As outlined in the approved AIP proposal to request funds to bootstrap the first BoLD validator, all requested funds for the service fee will be sent to a multi-sig controlled by the Arbitrum Foundation. After three years, any unspent funds from the service fee reimbursement budget will be returned to the Arbitrum DAO and a forthcoming proposal will be posted to help cover the future operational costs of Arbitrum. The Arbitrum DAO reserves the right to revoke the Arbitrum Foundation’s proposer at any time and return the bonds back to the treasury. This will be implemented and enforced via the BoLD smart contracts:
- Withdrawal address: The funds will be deposited into BoLD and the withdrawal address set to the ‘UpgradeExecutor’ contract on the parent chain.

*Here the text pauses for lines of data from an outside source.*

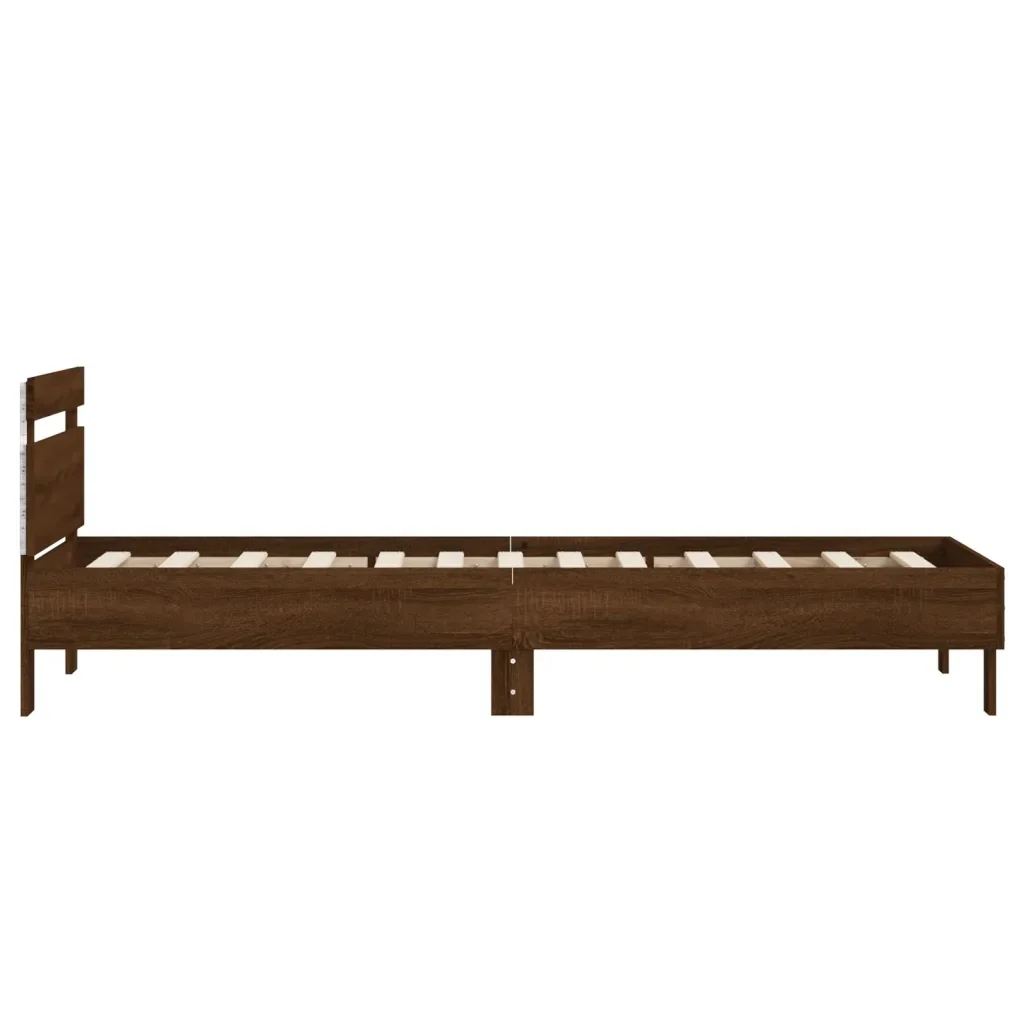 Letto singolo | Letto per adulti | Giroletto con Testiera e LED Rovere Marrone 90x200 cm - Image 8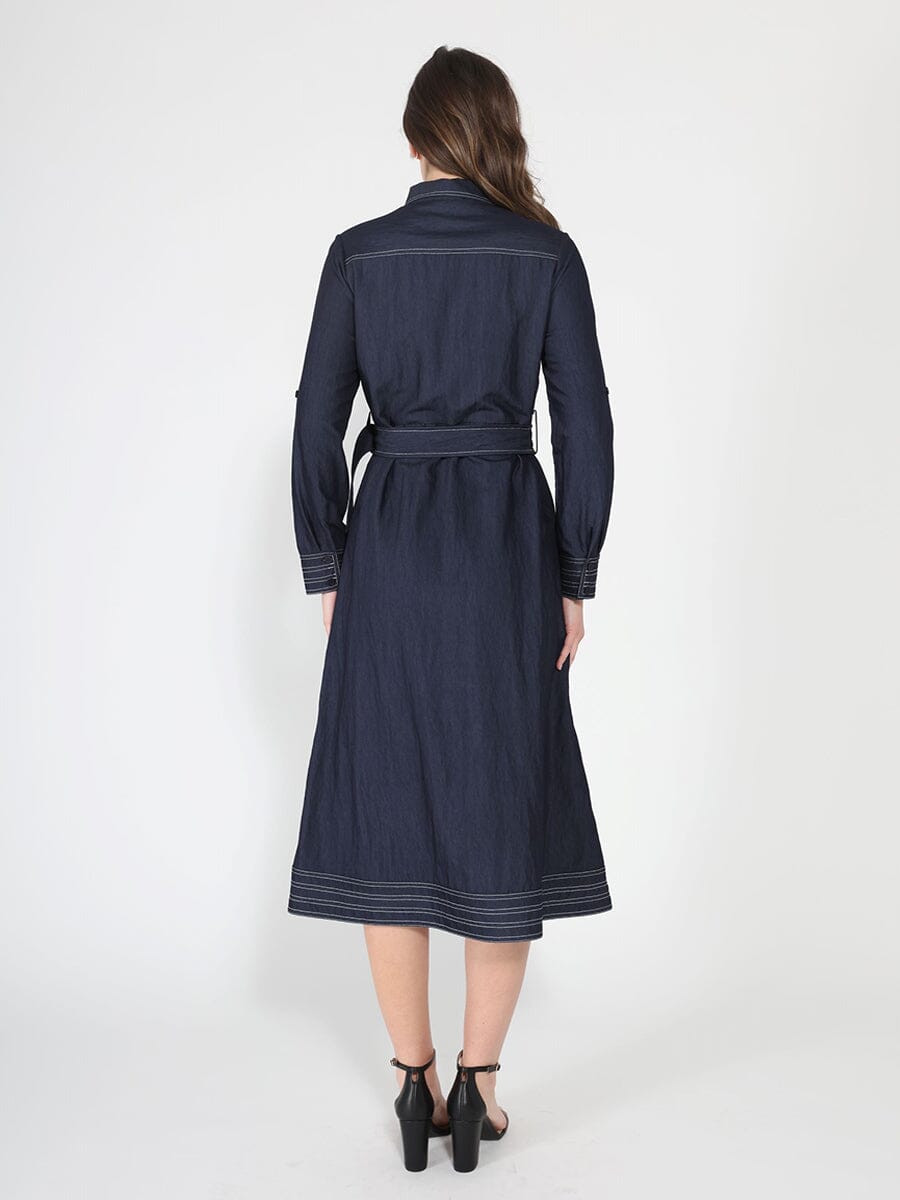 Gracia Fashion Women's Long sleeve contrast stitch denim midi dress — additional view 4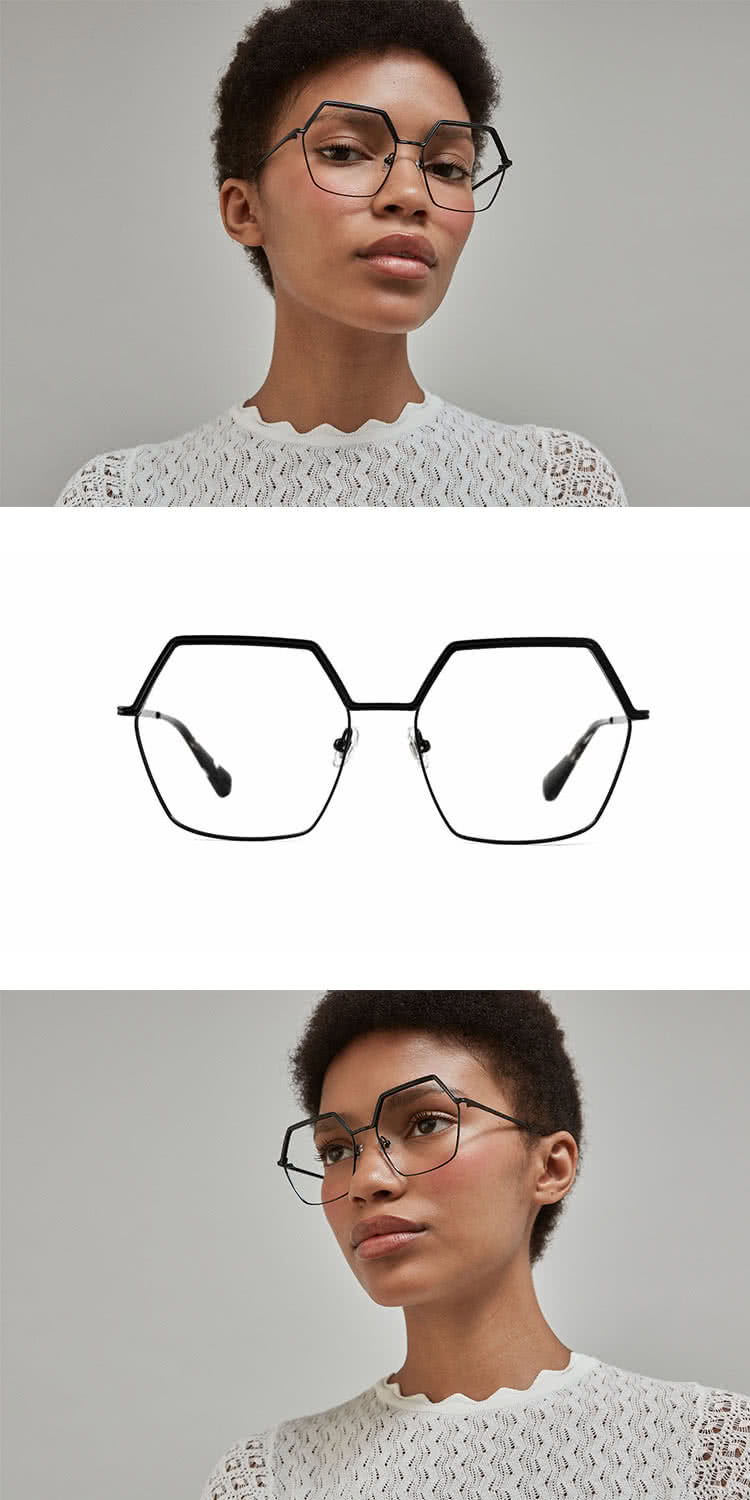 GIGI Studios 六角形氣質雕刻眉框光學眼鏡(黑 -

- Triggering withdrawal: The Arbitrum DAO (via governance) or the Arbitrum Foundation will have the authority to trigger a withdrawal and the funds can only be sent to the pre-established withdrawal address (i.e., the Arbitrum DAO’s treasury).
In short, the Arbitrum DAO will have the authority to single-handedly return the funds back to the Arbitrum DAO treasury. This model can be used for future proposals if other entities want to run a proposer on behalf of the Arbitrum DAO.